Thursday, November 14, 2013

Somebody's Somebody

It's been nine years since David Koschman was killed outside of a Chicago nightclub. The man who killed him has been free for those nine years, because he's somebody's somebody.

Richard Vanecko, who threw the punch that sent Mr. Koschman to the pavement where he struck his head, is the nephew of former mayor Richard M. Daley. That would make him the grandson of the previous mayor, Richard J. You can't get more connected than that.

Clout held the police at bay when it was time to investigate the incident that led to the death of a young man out celebrating with friends. Clout kept the facts from being revealed in court, so that the fault for the death could be assigned entirely to Mr. Koschman. Nobody said nothing about the disparity in size, that the mayor's nephew was built like a linebacker while the victim was short and skinny. The facts didn't matter because somebody's somebody never goes to jail.

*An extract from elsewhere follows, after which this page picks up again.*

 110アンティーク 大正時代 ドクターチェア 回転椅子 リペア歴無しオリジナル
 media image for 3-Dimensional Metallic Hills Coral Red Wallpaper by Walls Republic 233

The lack of justice is nothing new in Chicago. The murder case described in Jack O'Malley's THE KING OF THE IRISH was a case of injustice with strong political overtones. And like that 1889 incident, there were those who did not accept the verdict that came from influence and manipulation. After nine years, the Koschman family is finally getting some justice.

Investigative reporters could smell something bad about the way the initial investigation was handled, and they didn't stop making noise until a special prosecutor was appointed to look into things.

The police line up that made Richard Vanecko (2nd from left) look smaller
Dan Webb, who used to be the U.S. Attorney in the city, was given the task of conducting an investigation into what happened, a probe that required the granting of immunity to witnesses who would not much care to be prosecuted for perjury. The judge hearing the case has refused to release the report. Judge Michael Toomin fears that the Daley nephew would not get a fair trial if the potential jury pool was exposed to the facts contained in that document, so he won't let the public see what clout can do for somebody's somebody when he should have been charged with murder or manslaughter.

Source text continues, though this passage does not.